From: Modern Healthcare – 1/22/16

The CMS will not recalculate payments made to hospitals in 2004 for particularly expensive patients, despite hospitals’ objections. The agency published a clarification Friday in response to a court decision last year.

A federal judge ordered the CMS to better explain its calculations in a May decision in District Hospital Partners v. Burwell (PDF).

In that case, 186 hospitals alleged that Medicare underpaid them by more than $3 billion in outlier payments. Outlier payments are extra payments made to hospitals when the estimated cost of treating a patient exceeds the standard Medicare payment. They alleged HHS didn’t properly account for hospitals that “turbocharged,” a practice in which hospitals would improperly manipulate their charges to receive additional outlier payments.

The CMS, however, is standing by its calculations.

Stephen Nash, a partner with Squire Patton Boggs who is representing dozens of hospitals that have filed lawsuits similar to the one decided in May, said he’s disappointed.

“They have failed to address the underpayments they’ve made to almost every hospital in the country for the last 20 years,” Nash said.

Part of the reason the case has taken so long is because the hospitals had to exhaust their administrative remedies before bringing the issue to court, he said. He predicted that hospitals will continue to push their point in court.
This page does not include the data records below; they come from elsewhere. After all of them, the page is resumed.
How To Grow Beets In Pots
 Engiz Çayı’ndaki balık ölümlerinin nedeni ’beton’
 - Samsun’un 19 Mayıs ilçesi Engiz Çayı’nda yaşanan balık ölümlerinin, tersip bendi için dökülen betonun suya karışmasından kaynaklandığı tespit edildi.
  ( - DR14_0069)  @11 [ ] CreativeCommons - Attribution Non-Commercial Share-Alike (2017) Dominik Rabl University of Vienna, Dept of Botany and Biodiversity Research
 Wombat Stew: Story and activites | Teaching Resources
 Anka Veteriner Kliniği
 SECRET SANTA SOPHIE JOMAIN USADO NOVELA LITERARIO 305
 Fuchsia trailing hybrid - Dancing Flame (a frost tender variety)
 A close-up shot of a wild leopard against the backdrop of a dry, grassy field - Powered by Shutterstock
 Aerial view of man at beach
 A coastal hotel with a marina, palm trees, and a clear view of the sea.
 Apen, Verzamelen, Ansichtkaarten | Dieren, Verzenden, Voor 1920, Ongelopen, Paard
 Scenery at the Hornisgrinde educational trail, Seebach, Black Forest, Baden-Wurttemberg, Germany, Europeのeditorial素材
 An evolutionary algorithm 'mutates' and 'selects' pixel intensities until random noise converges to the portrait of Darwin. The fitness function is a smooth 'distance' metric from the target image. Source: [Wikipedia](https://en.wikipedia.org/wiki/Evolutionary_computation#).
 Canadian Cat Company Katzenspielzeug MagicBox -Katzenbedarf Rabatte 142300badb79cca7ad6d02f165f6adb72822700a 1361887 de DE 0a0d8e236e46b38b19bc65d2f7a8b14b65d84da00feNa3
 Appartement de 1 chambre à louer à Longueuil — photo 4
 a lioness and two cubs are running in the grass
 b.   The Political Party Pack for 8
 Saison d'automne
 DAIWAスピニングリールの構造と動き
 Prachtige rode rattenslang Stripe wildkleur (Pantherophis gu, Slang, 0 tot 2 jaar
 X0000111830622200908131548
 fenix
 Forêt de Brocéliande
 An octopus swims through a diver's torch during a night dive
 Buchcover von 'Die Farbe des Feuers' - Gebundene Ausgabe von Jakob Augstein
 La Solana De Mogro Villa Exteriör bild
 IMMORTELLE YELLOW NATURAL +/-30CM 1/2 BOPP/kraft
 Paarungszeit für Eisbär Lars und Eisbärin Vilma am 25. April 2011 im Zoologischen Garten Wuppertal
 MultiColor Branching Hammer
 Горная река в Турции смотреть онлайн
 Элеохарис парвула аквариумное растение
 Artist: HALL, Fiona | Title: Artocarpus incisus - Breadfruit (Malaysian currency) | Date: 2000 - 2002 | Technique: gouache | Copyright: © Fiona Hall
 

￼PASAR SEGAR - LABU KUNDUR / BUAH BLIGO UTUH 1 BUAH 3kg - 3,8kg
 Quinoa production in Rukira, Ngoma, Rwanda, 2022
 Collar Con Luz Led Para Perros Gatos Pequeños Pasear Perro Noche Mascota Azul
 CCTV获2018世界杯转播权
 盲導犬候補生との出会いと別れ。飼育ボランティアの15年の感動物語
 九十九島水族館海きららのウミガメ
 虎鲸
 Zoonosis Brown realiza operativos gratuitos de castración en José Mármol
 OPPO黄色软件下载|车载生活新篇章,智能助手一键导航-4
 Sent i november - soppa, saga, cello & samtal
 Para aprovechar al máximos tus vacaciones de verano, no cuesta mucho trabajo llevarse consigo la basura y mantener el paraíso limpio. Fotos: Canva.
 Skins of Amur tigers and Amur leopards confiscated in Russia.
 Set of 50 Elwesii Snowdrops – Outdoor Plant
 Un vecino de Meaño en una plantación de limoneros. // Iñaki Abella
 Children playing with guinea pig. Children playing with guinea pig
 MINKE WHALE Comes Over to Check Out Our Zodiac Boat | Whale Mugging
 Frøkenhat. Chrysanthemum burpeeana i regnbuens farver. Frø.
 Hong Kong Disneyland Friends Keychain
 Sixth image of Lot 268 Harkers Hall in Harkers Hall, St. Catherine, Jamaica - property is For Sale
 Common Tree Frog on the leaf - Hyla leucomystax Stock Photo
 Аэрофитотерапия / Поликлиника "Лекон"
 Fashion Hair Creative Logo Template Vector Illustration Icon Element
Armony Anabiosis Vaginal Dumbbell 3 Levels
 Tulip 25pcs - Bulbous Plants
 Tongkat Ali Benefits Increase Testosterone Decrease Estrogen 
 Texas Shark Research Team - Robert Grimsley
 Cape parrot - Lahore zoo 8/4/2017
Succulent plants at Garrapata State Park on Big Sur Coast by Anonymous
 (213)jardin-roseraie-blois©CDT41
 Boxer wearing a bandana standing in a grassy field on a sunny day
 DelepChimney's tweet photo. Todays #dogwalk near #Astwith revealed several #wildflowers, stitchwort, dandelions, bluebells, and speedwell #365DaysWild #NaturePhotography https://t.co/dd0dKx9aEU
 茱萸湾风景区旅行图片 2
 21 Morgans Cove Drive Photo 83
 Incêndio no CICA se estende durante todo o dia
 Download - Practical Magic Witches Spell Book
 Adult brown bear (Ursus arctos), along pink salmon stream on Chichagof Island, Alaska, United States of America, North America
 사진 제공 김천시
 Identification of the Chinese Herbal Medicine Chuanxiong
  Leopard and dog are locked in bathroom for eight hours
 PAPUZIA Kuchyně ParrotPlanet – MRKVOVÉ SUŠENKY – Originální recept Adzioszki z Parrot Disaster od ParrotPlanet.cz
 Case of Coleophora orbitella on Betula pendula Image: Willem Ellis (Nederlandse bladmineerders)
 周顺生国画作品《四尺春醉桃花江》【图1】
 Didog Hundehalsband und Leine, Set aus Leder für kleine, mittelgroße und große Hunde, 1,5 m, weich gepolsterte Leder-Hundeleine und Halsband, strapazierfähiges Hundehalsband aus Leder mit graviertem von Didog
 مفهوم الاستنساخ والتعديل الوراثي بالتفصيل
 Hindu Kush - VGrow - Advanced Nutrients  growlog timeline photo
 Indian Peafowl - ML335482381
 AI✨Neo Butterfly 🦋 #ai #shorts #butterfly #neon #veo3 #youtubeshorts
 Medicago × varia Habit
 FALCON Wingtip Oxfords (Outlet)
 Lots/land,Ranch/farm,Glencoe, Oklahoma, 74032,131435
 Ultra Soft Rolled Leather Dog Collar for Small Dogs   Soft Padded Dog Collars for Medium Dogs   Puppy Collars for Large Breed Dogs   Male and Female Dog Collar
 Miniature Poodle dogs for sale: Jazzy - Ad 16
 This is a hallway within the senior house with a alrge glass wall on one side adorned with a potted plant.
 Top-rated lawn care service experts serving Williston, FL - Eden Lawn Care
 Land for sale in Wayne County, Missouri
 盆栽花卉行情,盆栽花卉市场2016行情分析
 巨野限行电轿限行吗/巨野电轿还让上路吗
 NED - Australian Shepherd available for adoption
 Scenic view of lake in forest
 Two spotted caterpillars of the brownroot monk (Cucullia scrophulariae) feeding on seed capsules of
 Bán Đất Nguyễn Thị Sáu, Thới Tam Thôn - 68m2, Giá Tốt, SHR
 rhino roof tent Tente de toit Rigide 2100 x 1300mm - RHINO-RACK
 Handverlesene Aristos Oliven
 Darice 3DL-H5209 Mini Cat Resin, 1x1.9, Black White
In the May decision, a three-judge panel of the D.C. Circuit Court of Appeals disagreed with a lower court over the 2004 payments, saying HHS’ secretary had better explain those calculation methods. The panel also, however, at that time rejected the hospitals’ arguments that the thresholds were “arbitrary and capricious” and led to underpayments in 2005 and 2006 as well.

The District Court for the District of Columbia in a separate case (PDF) in September came to a similar ruling regarding the 2004 payments, also saying the calculations needed more explanation.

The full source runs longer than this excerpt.